Segment Start: DATA SUPPLIED

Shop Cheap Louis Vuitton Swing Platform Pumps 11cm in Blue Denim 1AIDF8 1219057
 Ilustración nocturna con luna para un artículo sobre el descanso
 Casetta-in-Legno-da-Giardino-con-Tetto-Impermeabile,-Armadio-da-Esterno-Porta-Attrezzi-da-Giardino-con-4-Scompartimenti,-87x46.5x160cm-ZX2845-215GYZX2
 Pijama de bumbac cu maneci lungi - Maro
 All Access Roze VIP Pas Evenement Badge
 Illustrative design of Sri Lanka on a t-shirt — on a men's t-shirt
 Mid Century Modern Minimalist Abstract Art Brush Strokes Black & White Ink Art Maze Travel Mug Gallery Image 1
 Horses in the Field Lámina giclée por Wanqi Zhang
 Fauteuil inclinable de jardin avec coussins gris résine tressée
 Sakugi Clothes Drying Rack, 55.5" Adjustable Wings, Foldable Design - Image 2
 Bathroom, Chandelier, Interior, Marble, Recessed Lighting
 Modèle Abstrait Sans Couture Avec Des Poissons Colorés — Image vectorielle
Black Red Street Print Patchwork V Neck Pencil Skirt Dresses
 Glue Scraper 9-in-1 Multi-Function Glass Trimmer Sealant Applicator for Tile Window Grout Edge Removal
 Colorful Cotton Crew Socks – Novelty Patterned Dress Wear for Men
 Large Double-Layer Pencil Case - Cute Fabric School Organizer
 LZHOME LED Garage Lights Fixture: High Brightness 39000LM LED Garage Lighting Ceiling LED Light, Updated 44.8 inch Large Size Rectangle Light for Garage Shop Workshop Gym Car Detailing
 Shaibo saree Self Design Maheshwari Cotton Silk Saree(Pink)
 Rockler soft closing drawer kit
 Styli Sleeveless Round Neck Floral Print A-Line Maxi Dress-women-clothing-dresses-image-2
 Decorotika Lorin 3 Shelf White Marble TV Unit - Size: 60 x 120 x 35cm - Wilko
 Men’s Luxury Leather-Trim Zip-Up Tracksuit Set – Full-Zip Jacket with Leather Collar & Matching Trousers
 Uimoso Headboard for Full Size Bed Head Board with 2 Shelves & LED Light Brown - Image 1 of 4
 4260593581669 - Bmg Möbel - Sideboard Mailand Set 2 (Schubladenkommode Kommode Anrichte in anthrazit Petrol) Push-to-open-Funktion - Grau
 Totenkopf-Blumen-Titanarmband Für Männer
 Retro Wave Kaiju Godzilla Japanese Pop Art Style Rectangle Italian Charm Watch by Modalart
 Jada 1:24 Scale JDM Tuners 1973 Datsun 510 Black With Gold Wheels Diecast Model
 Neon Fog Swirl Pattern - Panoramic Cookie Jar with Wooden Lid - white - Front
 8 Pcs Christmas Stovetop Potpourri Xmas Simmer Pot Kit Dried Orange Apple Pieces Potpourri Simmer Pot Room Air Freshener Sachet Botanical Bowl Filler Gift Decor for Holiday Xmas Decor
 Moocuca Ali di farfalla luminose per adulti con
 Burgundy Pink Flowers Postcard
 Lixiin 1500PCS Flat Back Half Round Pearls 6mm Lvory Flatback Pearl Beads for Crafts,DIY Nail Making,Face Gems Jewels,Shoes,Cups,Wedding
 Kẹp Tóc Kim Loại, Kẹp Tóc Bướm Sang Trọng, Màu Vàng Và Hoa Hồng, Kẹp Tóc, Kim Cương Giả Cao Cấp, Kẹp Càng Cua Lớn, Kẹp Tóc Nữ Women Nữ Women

Segment End: DATA SUPPLIED

[WORK REQUEST]
Return nothing but the lines from the top of the records above through the line that has "Uimoso Headboard for". Keep each one exact.

[SOLUTION TO THIS TASK]
Shop Cheap Louis Vuitton Swing Platform Pumps 11cm in Blue Denim 1AIDF8 1219057
 Ilustración nocturna con luna para un artículo sobre el descanso
 Casetta-in-Legno-da-Giardino-con-Tetto-Impermeabile,-Armadio-da-Esterno-Porta-Attrezzi-da-Giardino-con-4-Scompartimenti,-87x46.5x160cm-ZX2845-215GYZX2
 Pijama de bumbac cu maneci lungi - Maro
 All Access Roze VIP Pas Evenement Badge
 Illustrative design of Sri Lanka on a t-shirt — on a men's t-shirt
 Mid Century Modern Minimalist Abstract Art Brush Strokes Black & White Ink Art Maze Travel Mug Gallery Image 1
 Horses in the Field Lámina giclée por Wanqi Zhang
 Fauteuil inclinable de jardin avec coussins gris résine tressée
 Sakugi Clothes Drying Rack, 55.5" Adjustable Wings, Foldable Design - Image 2
 Bathroom, Chandelier, Interior, Marble, Recessed Lighting
 Modèle Abstrait Sans Couture Avec Des Poissons Colorés — Image vectorielle
Black Red Street Print Patchwork V Neck Pencil Skirt Dresses
 Glue Scraper 9-in-1 Multi-Function Glass Trimmer Sealant Applicator for Tile Window Grout Edge Removal
 Colorful Cotton Crew Socks – Novelty Patterned Dress Wear for Men
 Large Double-Layer Pencil Case - Cute Fabric School Organizer
 LZHOME LED Garage Lights Fixture: High Brightness 39000LM LED Garage Lighting Ceiling LED Light, Updated 44.8 inch Large Size Rectangle Light for Garage Shop Workshop Gym Car Detailing
 Shaibo saree Self Design Maheshwari Cotton Silk Saree(Pink)
 Rockler soft closing drawer kit
 Styli Sleeveless Round Neck Floral Print A-Line Maxi Dress-women-clothing-dresses-image-2
 Decorotika Lorin 3 Shelf White Marble TV Unit - Size: 60 x 120 x 35cm - Wilko
 Men’s Luxury Leather-Trim Zip-Up Tracksuit Set – Full-Zip Jacket with Leather Collar & Matching Trousers
 Uimoso Headboard for Full Size Bed Head Board with 2 Shelves & LED Light Brown - Image 1 of 4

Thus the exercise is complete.